First, I wanted to look at what we can do with the thread affinity concept also recently introduced. I have an 8-core machine and the source, sink, and head block take very little processing power. So I pushed all of those onto one core and gave the FIR filter its own core to use. All of the PC tests were done setting this thread affinity. So then I turned the thread affinity off while computing the compile-time disabled experiments. The results are fairly shocking. We see a decrease in the speed of this flowgraph of around 13%! Just by forcing the OS to keep the threads locked to a specific core. We still need to study this more, such as what happens when we have more blocks than cores as well as how best to map the blocks to the cores, but the evidence here of it's benefits is pretty exciting.

Now, back to the many-block problem. For this, I will generate 20 FIR filters, each with different taps (so we can't have cache hiding issues). For this, because we have more blocks than I have cores, I'm not going to study the thread affinity concept. I'll save that for later.

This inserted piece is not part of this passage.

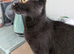 Rehoming of shadow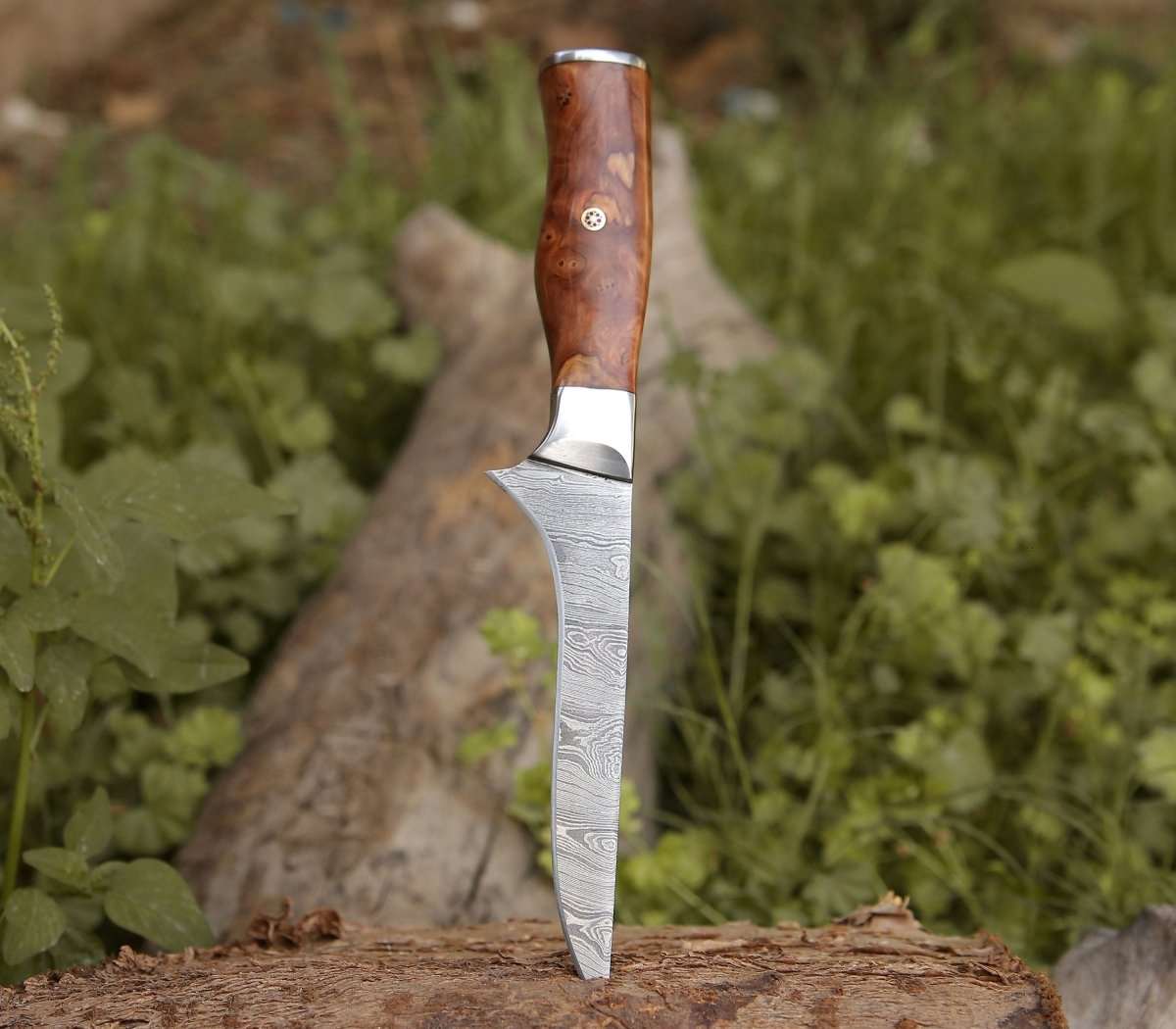 Concord Damascus Fillet Knife with Exotic Olive wood Handle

Also, I reduced N to 100 million to save a bit of time since the results are being pretty consistent.


PCs Disabled PCs Off PCs On

29.670 29.868 29.725

29.754 29.721 29.787

29.702 29.735 29.800

29.708 29.700 29.767

29.592 29.932 30.023

29.595 29.877 29.784

29.564 29.964 29.873

29.685 29.926 29.794

29.719 29.973 29.902

29.646 29.881 29.861
Avg. 29.664 29.858 29.832
Min. 29.564 29.700 29.725
Max. 29.754 29.973 30.023




% Diff. Avg 0.000 0.655 0.567
% Diff. Min 0.000 0.460 0.545
% Diff. Max 0.000 0.736 0.904

 

These results show us that even for a fairly complex flowgraph with over 20 blocks, the performance penalty is around a half a percent to close to a percent in the worst case.

My takeaway from this is that we are probably being a bit over-zealous by having both the compile-time and run-time configuration of the performance counters. It also looks as though the runtime toggle of the PCs on and off seems to almost hurt more than it helps. This might make me change the defaults to have the PCs enabled at compile time by default instead of being disabled. For users who want to get that half a percent more efficiency in their graph, they can go through the trouble of disabling it manually.